Lightweight transactions

While durable transactions with eventual/tunable consistency is quite satisfactory for many use cases, situations do arise where more is needed. Lightweight transactions, also known as compare and set, that use linearizable consistency can probably fulfill those needs.

For example, two users attempting to create a unique user account in the same cluster could overwrite each other’s work with neither user knowing about it. To avoid this situation, lightweight transactions (or ‘compare and set’) have been added to version 2.0 of Cassandra.

Using and extending the Paxos consensus protocol (which allows a distributed system to agree on proposed data additions/modifications with a quorum-based algorithm, and without the need for any one ‘master’ database or two-phase commit), Cassandra now offers a way to ensure a transaction isolation level similar to the serializable level offered by RDBMS’s. Extensions to CQL enable an easy way to carry out such operations.

A new IF clause has been introduced for both the INSERT and UPDATE commands that lets the user invoke lightweight transactions.
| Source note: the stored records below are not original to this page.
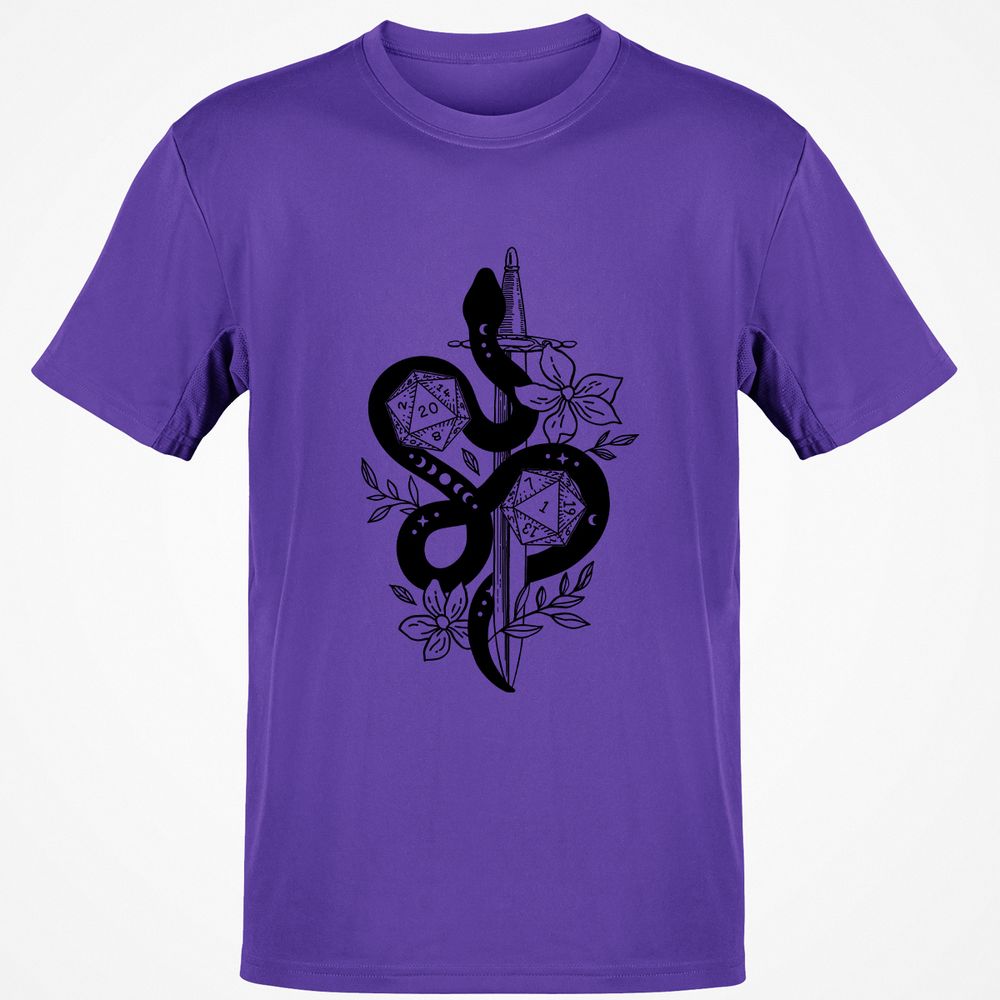 D20 Snake and Sword - Purple - 9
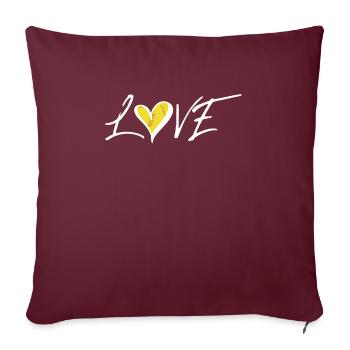 Cadeau de chemise de softball d’amour - Housse de coussin décorative 45 x 45 cm - bordeaux - Devant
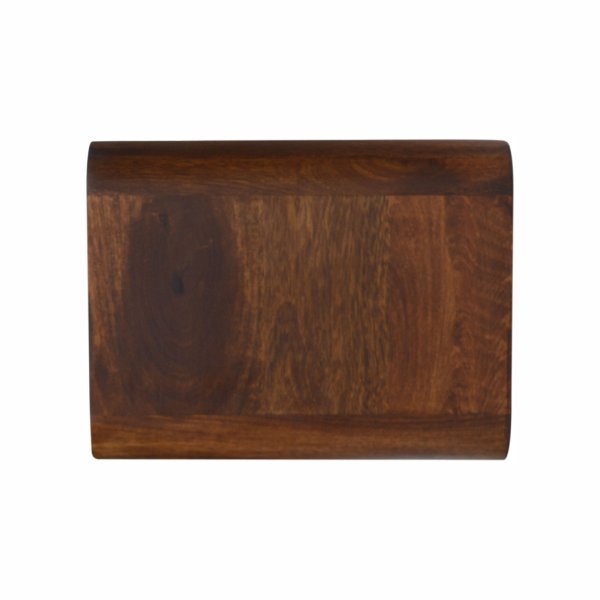 Mango Wood Floating Chestnut Open Console - Image 7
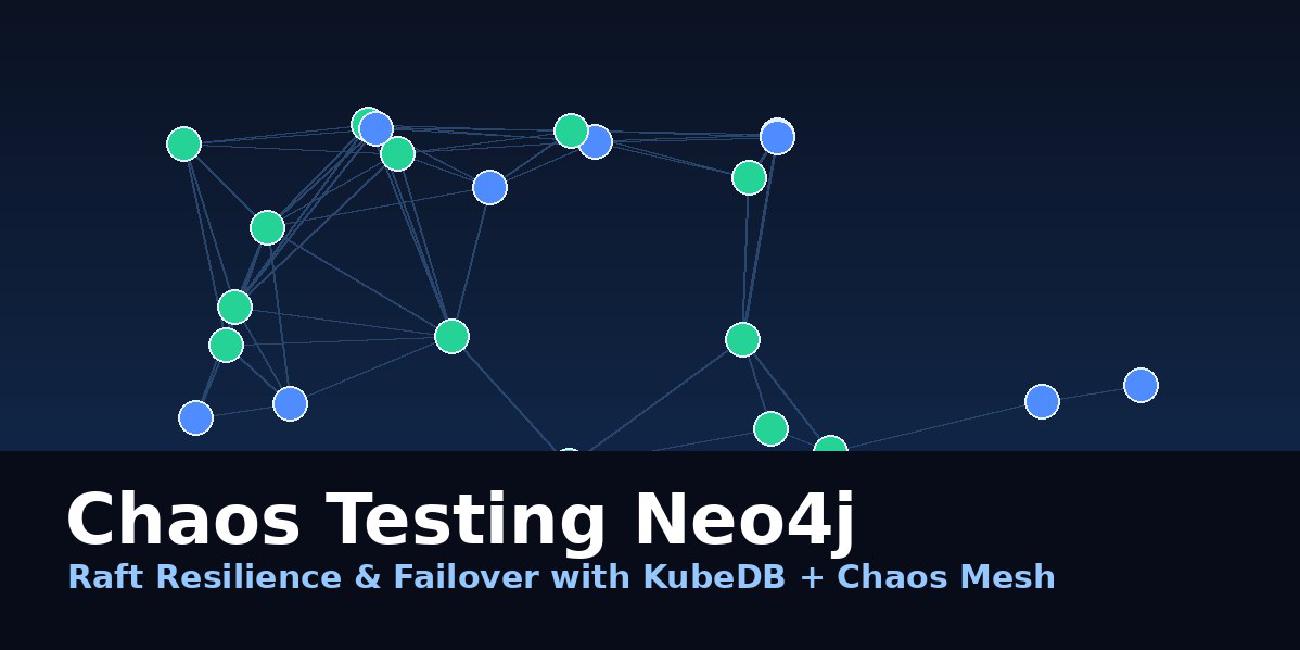 Chaos Testing KubeDB Neo4j: Raft Resilience and Failover with Chaos Mesh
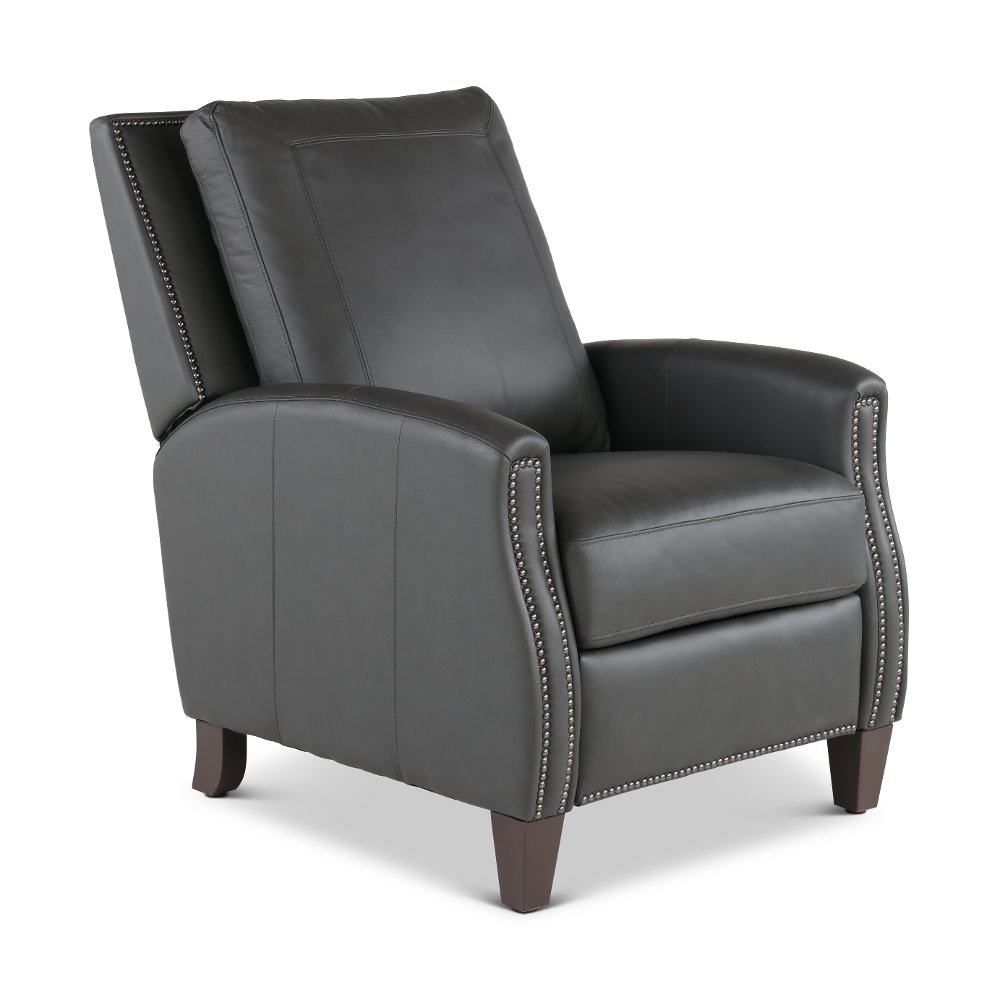 Hunter Gray Pushback High-Leg Recliner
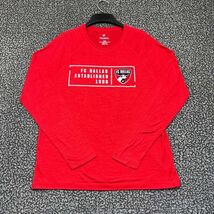 FC Dallas Shirt Men Large Red Fanatics Long Sleeve Crew Neck New L - $36.94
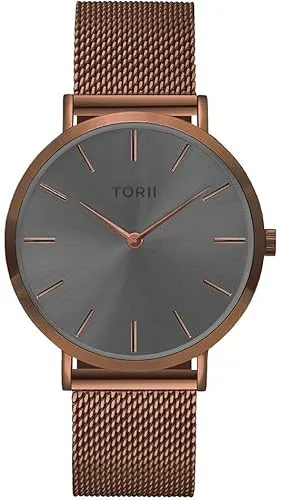 TORII Damenarmbanduhr D38DM.AD Klassische Mode in Braun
For example, if a user wants to ensure an insert they are about to make into a new accounts table is unique for a new customer, they would use the IF NOT EXISTS clause:

INSERT INTO customer_account (customerID, customer_email) 
VALUES (‘LauraS’, ‘lauras@gmail.com’)

DML modifications via UPDATE can also make use of the new IF clause by comparing one or more columns to various values:

UPDATE customer_account
SET    customer_email=’laurass@gmail.com’
IF     customer_email=’lauras@gmail.com’; 

Behind the scenes, Cassandra is making four round trips between a node proposing a lightweight transaction and any needed replicas in the cluster to ensure proper execution so performance is affected. Consequently, reserve lightweight transactions for those situations where they are absolutely necessary; Cassandra’s normal eventual consistency can be used for everything else.

A SERIAL consistency level allows reading the current (and possibly uncommitted) state of data without proposing a new addition or update. If a SERIAL read finds an uncommitted transaction in progress, it will commit it as part of the read.